Néanmoins, l’action de la lumière sur les couleurs est primordiale, elle leur donne une qualité immatérielle qui ne pourrait évidemment pas être obtenue par la peinture : les surfaces colorées sont vibrantes et diaphanes, parfois entourées d’un halo. L’artiste s’intéresse en fait aux possibilités physiques et chimiques de la photographie, mais ignore ce qui en fait la spécificité : l’objet, le référent. Les artifices de la prise de vue et du tirage en gomment la présence.

Placés par trois ou quatre dans un cadre, les polaroïds se présentent comme des vues fragmentées d’une même forme géométrique vue de plus ou moins près. En faisant circuler notre regard d’une image à une autre, on peut avoir l’impression de suivre la progression d’une ombre sur la surface de l’image. Réalisant ses prises de vues dans une chambre éclairée par une fenêtre, Denot fait un relevé topographique des ombres portées provoquées par l’impact de cette source lumineuse sur le sol ou les murs.
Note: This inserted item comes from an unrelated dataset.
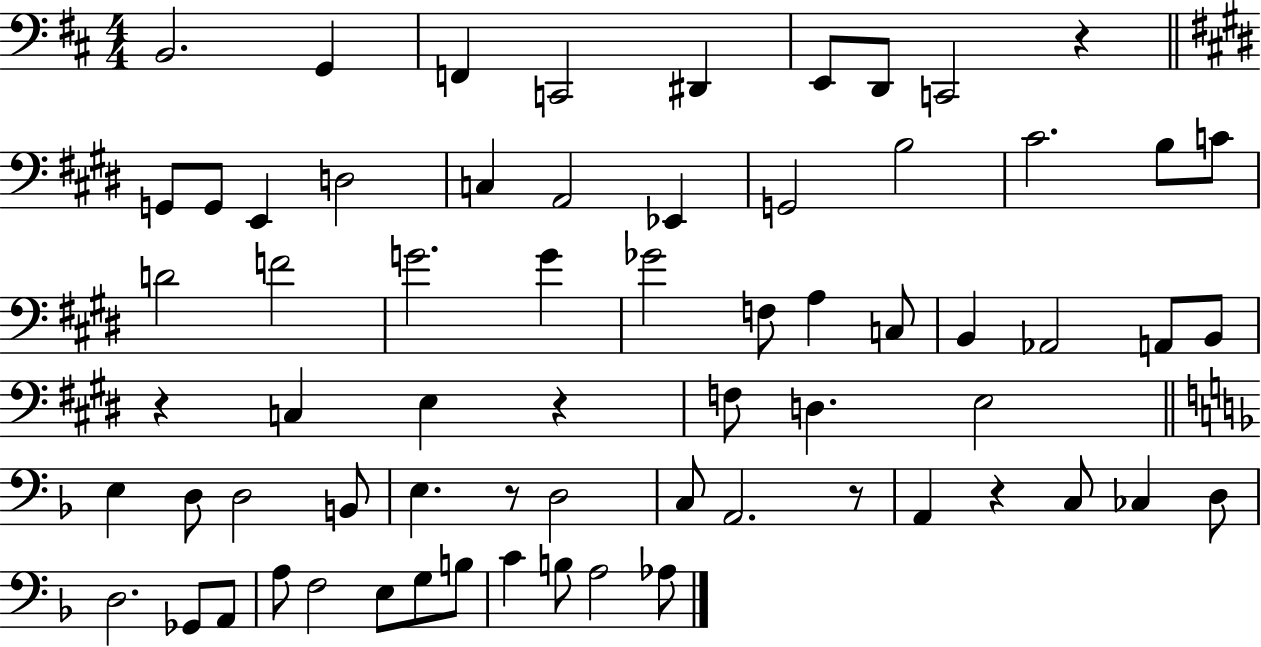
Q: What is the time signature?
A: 4/4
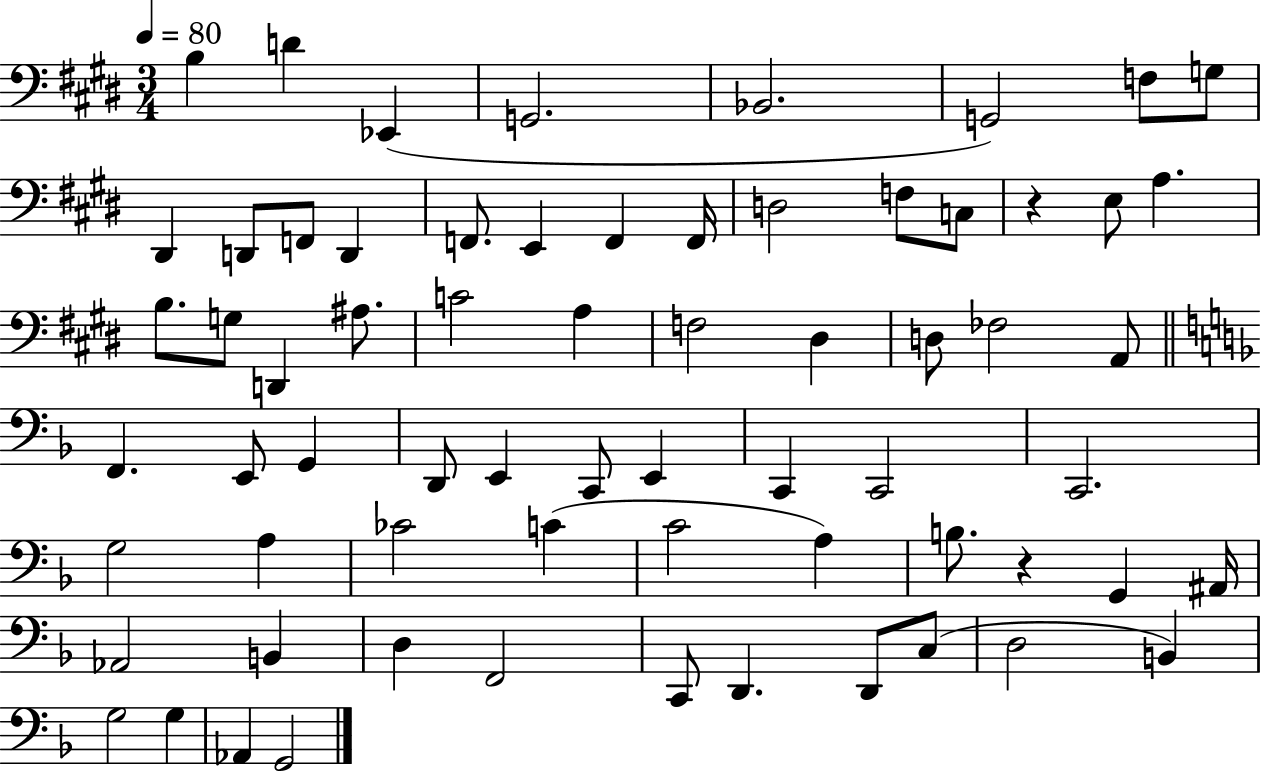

A l’aide de morceaux de papier, il en reproduit fidèlement la forme et s’en sert ensuite comme d’un cache pour réaliser d’autres prises de vue qu’il superpose. Des décalages s’opèrent entre la lumière et son double.

Cette superposition de plusieurs prises de vues permet à Denot de conserver les qualités graphiques de la forme dessinée par l’impact lumineux de la fenêtre tout en gommant les caractéristiques physiques de la surface sur laquelle elle est projetée pour n’en retenir que l’immatérialité. Plus encore que photographier la lumière, Denot peint avec la lumière. Il en enregistre le passage et les effets sensibles par l’utilisation de filtres colorés et le report dans ses compositions abstraites des ombres portées que celle ci a dessiné.